▶ [TASK REQUIREMENTS]:
Copy nothing but the lines running from the one containing "Produktbild von Gürkan" through the end of the listing below. Drop the pictures.

▶ [INPUT]:
____

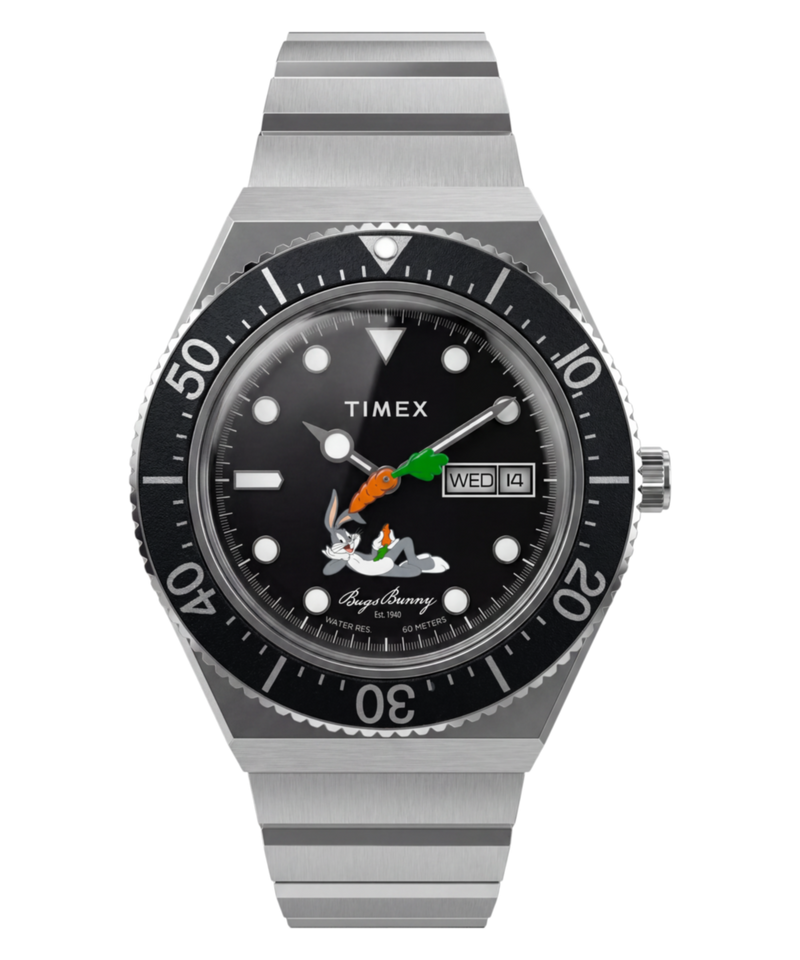 Bolondos dallamok a csuklón – öt új Looney Tunes x Timex óra Looney Tunes x Timex M79 Automatic TW2Y99200 Tapsi Hapsival, acél fémszíjjal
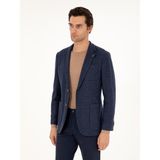 Cacharel Erkek Lacivert Slim Fit Kaşmir Karışımlı Ceket 50290525-VR033 - 6 Drop
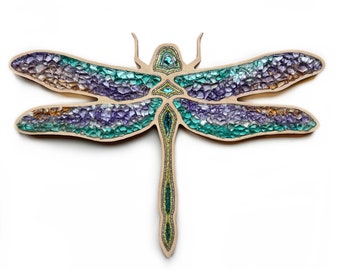 Dragonfly Mosaic by Sharra Frank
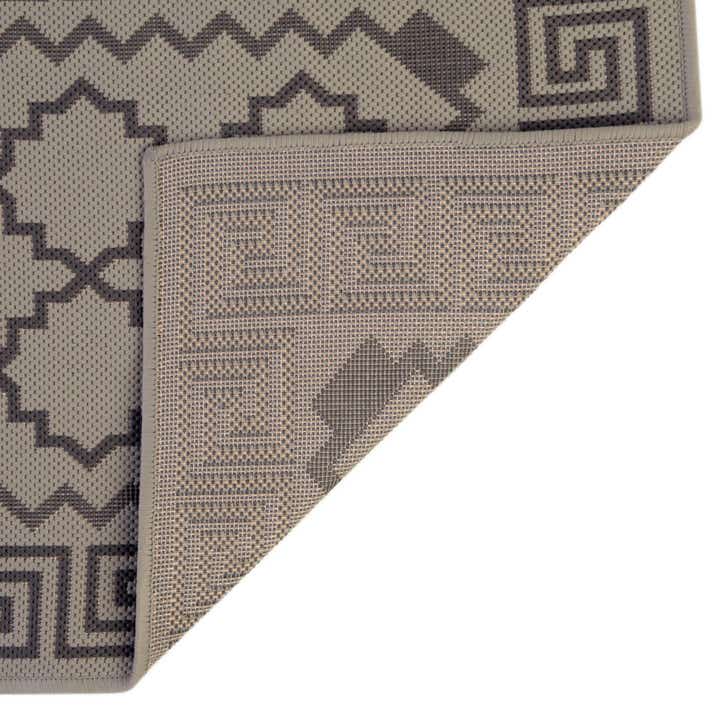 3' 3 x 5' Easy-Clean Lattice Indoor / Outdoor Rug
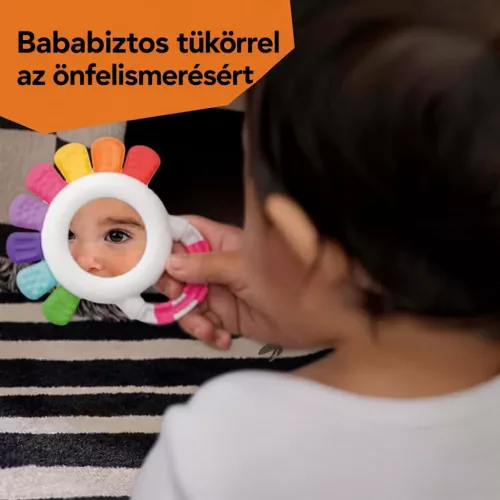 Baby Einstein Szenzoros csörgő és rágóka BPA-mentes Outstanding Opus™ 3m+ - Rózsaszín
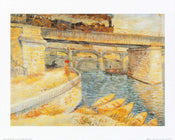 Vincent Van Gogh  Il ponte di Asnieres Reproducción de arte 50x40cm | Yourdecoration.es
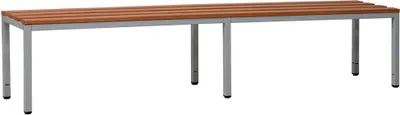 Produktbild von Gürkan Garderobenbank 107240 grau, buche Holz 200,0 cm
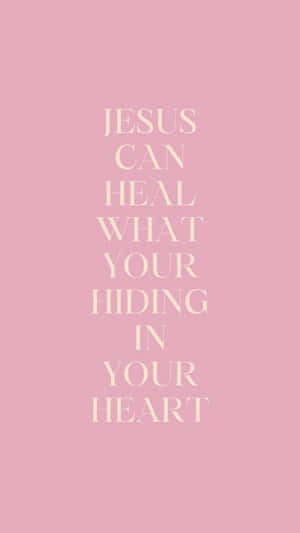 Pink Inspirational Jesus Quote Wallpaper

____

▶ [YOUR SOLUTION]:
 Produktbild von Gürkan Garderobenbank 107240 grau, buche Holz 200,0 cm
 Pink Inspirational Jesus Quote Wallpaper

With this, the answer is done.